Captioned web images
★ ★ ★
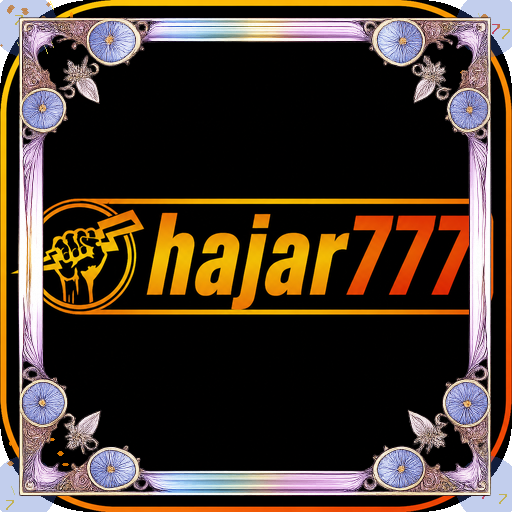 hajar777 — galeri pratinjau - APK Resmi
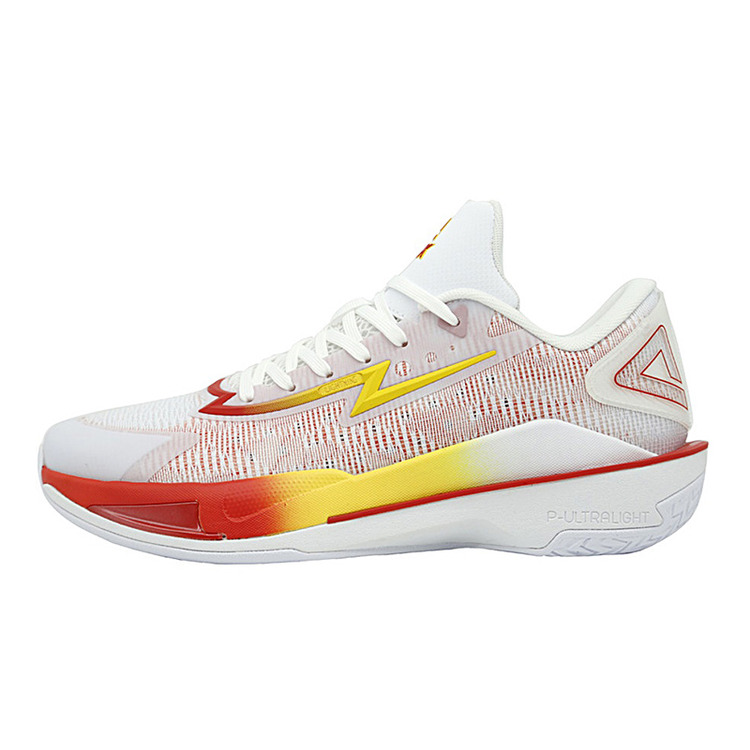 Adicionar ao carrinho Peak Lightning 11 "Yellow Ray" Peak Lightning 11 "Yellow Ray"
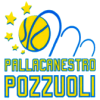 Pozzuoli D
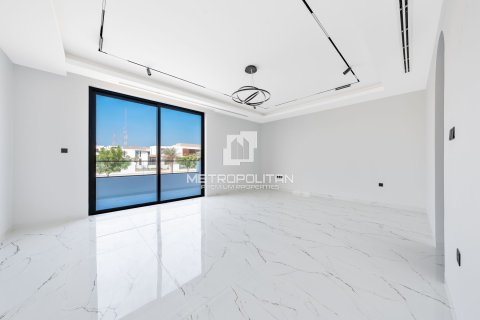 5 غرفة نوم فيلا رقم 130092 20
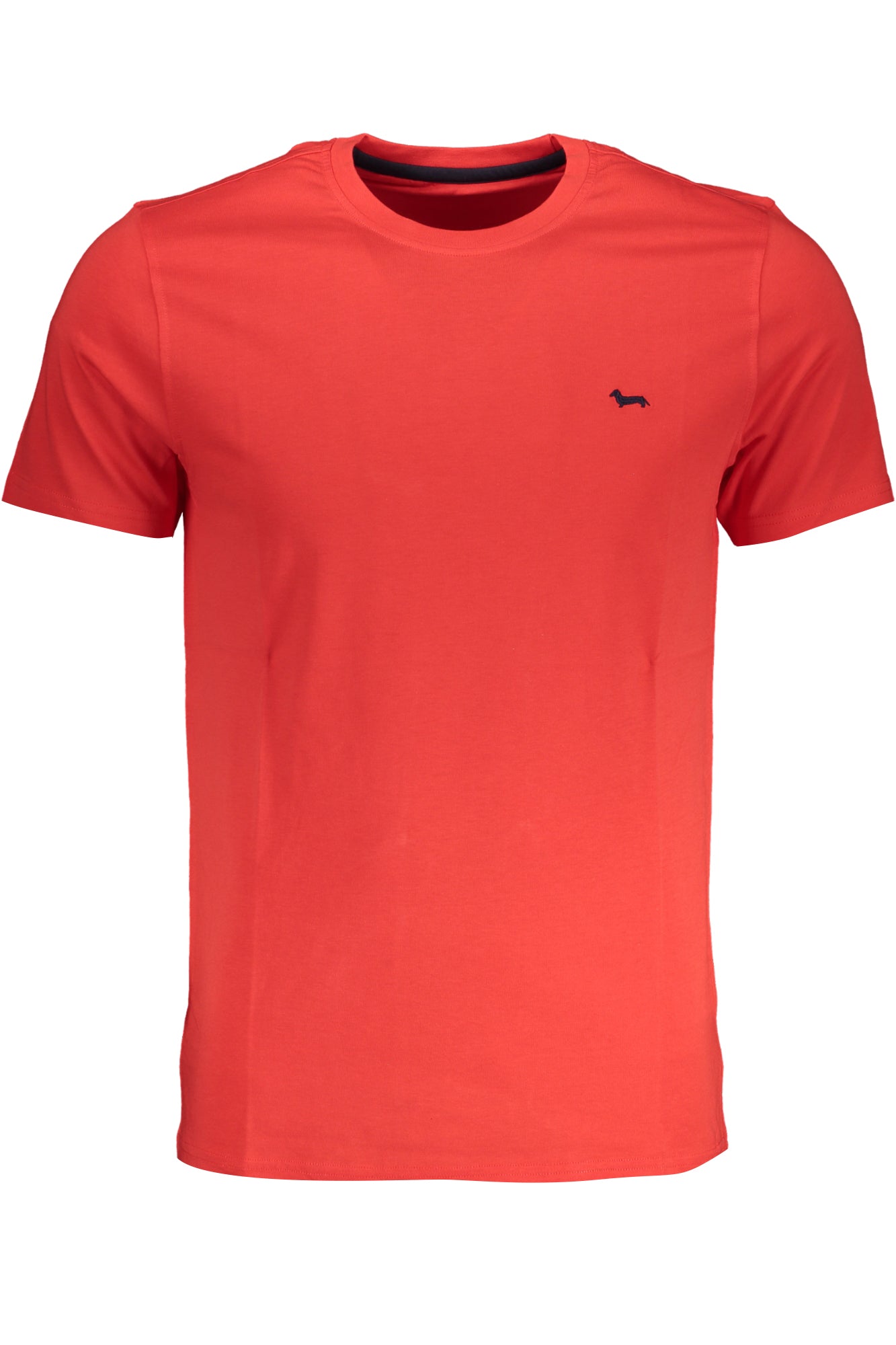 HARMONT & BLAINE T-Shirts Red - INL001021223
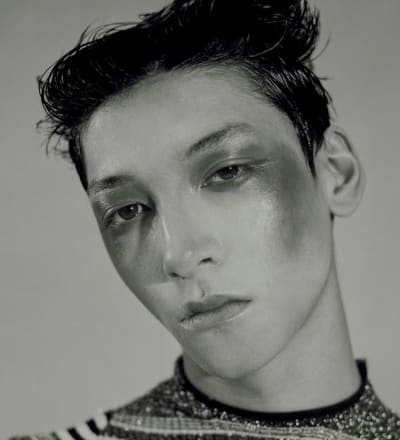rayan-for-punkt-digital-5.jpg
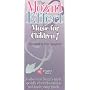 The Mozart Effect: Music For Children, Vols. 1-3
★ ★ ★
Your reply should consist of the data, transcribed exactly, and should hold no pictures.

 hajar777 — galeri pratinjau - APK Resmi
 Adicionar ao carrinho Peak Lightning 11 "Yellow Ray" Peak Lightning 11 "Yellow Ray"
 Pozzuoli D
 5 غرفة نوم فيلا رقم 130092 20
 HARMONT & BLAINE T-Shirts Red - INL001021223
rayan-for-punkt-digital-5.jpg
 The Mozart Effect: Music For Children, Vols. 1-3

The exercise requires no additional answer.